А мелодия мой писатель, прозвучавшая в этих набросках, потом повторится — в гротескном устном рассказе Булгакова о его якобы встречах со Сталиным: «Что такое? Мой писатель без сапог?..»)
Судьба «Зойкиной квартиры» оказалась не менее сложной. Такого «разрешения с запрещением» — только одному театру и только на один год — на «Зойкину квартиру» не было, и комедия в первый сезон успевает кратко пройти в нескольких театрах страны. Кратко — ибо пьесу снимают со сцены настойчиво и разнообразно, каждый раз под другим предлогом. Вот один из документов — письмо в Управление Ленинградских академических театров, 26 ноября 1926 года:
«Настоящим Вы ставитесь в известность, что пьеса „Зойкина квартира“ Булгакова не может быть разрешена ни в одном театре РСФСР, кроме одного Московского, где она идет в настоящее время. И, пожалуй, в Большом драматическом театре — менее чем где бы то ни было, поскольку марка Ленинградского театра способствовала бы еще большей популяризации „Зойкиной квартиры“ и ее автора на советской сцене: разрешение дало бы лишний аргумент провинциальным театрам, и без того домогающимся этой пьесы по хозрасчетным соображениям. К тому же сам Московский театр, осуществивший эту постановку, считает ее своей репертуарной ошибкой».
Подписал за председателя Главреперткома (и, вероятно, сочинял) В. Блюм [78].
Странно, но явное вмешательство Сталина и Политбюро в судьбу «Дней Турбиных» не становится автоматической защитой «Зойкиной квартиры». В разгар сезона 1927/28 года комедия внезапно подвергается полному запрещению. Все перипетии борьбы за сохранение спектакля в репертуаре Театра имени Вахтангова мне неизвестны, но заканчиваются они тем, что 28 февраля 1928 года принято новое постановление Политбюро: «Ввиду того, что „Зойкина квартира“ является основным источником существования для театра Вахтангова, разрешить временно снять запрет на ее постановку» [79].

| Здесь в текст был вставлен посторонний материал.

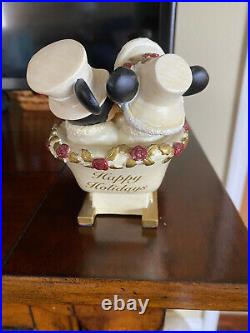 RARE Disney Christmas Mickey And Minnie Mouse Victorian Sleigh Stocking Holder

Как было принято, несколько замысловато: не «разрешить постановку», а «разрешить временно снять запрет на постановку». Тем не менее, ясно. Но тут происходит самое интересное: решение Политбюро проигнорировано! Сохранилась записка А. И. Рыкова — Сталину: «Коба! Вчера был театре Вахтангова. Вспомнил, что по твоему предложению (подчеркнуто мною. — Л. Я.) мы отменили решение Реперткома о запрещении „Зойкиной квартиры“. Оказывается, что это запрещение не отменено».
Как встряхнули Луначарского на этот раз, неизвестно, но уже 9 марта он докладывает в Политбюро, что сообщил о решении Политбюро председателю Главреперткома Ф. Ф. Раскольникову и просил Раскольникова «срочно поставить в известность театр Вахтангова» [80].
1928 год… Может быть, Сталин еще не воспринимается как монарх и гегемон? Или есть какие-то другие нюансы в отношениях? Но явно визга критиков, группирующихся вокруг Главреперткома, Луначарский боится больше, чем Сталина.
Среди немногих уцелевших книг булгаковской библиотеки есть такая: «Пути развития театра», М.—Л., 1927. Это стенографический сборник выступлений на партийном совещании «по вопросам театра». Булгаков пометил здесь все страницы, на которых упоминаются его пьесы, и самые интересные моменты в этих выступлениях отчеркнул. (В том числе высказывание С. И. Гусева, приведенное выше.)